No one is predicting a sunny legislative session, but leaders told reporters at a Forum News Service pre-session briefing last month that they should not write about a potential shutdown because one is unlikely. The last time Republicans controlled the House and Senate like this year was in Dayton's first year in office and they could not agree on a budget, closing much of state government for three weeks.
Dayton and legislative leaders' No. 1 job this year is writing a budget to fund the state for two years. They have said little in public about how they want that budget to look.
The state-funded portion of the budget that ends on June 30 will top $42 billion.
State workers got in some late unpacking and office arranging during the holiday weekend as the Capitol prepared for reopening after being mostly closed for three years. The $310 million inside-and-out renovation project has left the Capitol gleaming like it has not since it opened in 1905.
While restoration work is winding down, legislative work is winding up.
If writing a budget is their main job, lawmakers say their first job will be providing relief to thousands of Minnesotans who bought individual health insurance for 2017. Insurance premiums soared as many companies stopped providing insurance for people who do not get it from their employers or from government programs.
Also high on their agenda will be leftovers from last year's session: taxes and public works projects. They were to be considered in a special summer or fall legislative session, but Daudt and Dayton never agreed on specifics so it never happened.
Most lawmakers liked the tax bill, which combined a variety of tax cuts with increased local government aid from the state. The public works bill included road and bridge projects, but transportation and other state construction projects are expected to take different roads this year.

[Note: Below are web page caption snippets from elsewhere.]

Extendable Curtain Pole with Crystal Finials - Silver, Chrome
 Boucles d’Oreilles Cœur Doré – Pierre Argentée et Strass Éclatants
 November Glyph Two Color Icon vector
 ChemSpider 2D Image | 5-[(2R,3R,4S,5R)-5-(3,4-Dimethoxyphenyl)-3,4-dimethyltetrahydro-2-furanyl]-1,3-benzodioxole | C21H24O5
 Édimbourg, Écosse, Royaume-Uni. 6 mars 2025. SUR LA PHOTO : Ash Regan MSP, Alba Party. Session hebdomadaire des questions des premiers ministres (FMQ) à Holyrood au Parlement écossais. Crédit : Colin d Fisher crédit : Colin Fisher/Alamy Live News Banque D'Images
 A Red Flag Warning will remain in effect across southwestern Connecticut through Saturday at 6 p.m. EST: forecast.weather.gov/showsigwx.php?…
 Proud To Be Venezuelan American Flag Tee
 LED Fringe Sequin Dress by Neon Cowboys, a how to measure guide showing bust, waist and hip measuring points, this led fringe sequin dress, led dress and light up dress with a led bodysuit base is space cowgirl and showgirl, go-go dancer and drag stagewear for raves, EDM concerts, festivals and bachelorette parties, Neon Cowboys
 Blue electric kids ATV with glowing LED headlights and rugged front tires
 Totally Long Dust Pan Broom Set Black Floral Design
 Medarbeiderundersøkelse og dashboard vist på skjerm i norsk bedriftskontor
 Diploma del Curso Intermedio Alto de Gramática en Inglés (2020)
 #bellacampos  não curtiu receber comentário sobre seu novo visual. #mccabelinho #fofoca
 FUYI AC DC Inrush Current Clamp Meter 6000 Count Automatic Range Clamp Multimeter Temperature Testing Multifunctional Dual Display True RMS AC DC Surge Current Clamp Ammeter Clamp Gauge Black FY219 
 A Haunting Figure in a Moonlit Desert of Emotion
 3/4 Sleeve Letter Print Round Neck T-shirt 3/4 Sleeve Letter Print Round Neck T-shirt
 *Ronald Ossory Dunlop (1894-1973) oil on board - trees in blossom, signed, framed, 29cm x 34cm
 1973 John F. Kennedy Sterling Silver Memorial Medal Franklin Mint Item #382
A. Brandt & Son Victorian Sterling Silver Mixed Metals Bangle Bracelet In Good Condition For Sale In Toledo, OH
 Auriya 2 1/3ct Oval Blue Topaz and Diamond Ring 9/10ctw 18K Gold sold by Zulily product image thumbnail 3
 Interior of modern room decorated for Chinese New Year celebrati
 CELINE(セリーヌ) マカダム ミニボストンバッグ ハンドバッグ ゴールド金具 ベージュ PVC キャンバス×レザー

One factor that will frame this session is the fact that it will be Dayton's last chance to make his mark on the state after 40 years of public service. He says he does not plan to seek office again.
"It is my hope that the governor and his administration understand that this is the last two years of a long career for the governor and I would hope he would want to end his career on a high note," Rep. Paul Torkelson, R-Hanska, said.
Dayton said he will propose more education spending, particularly for the youngest learners, but that the state cannot afford the universal kindergarten plan he had pushed in recent years.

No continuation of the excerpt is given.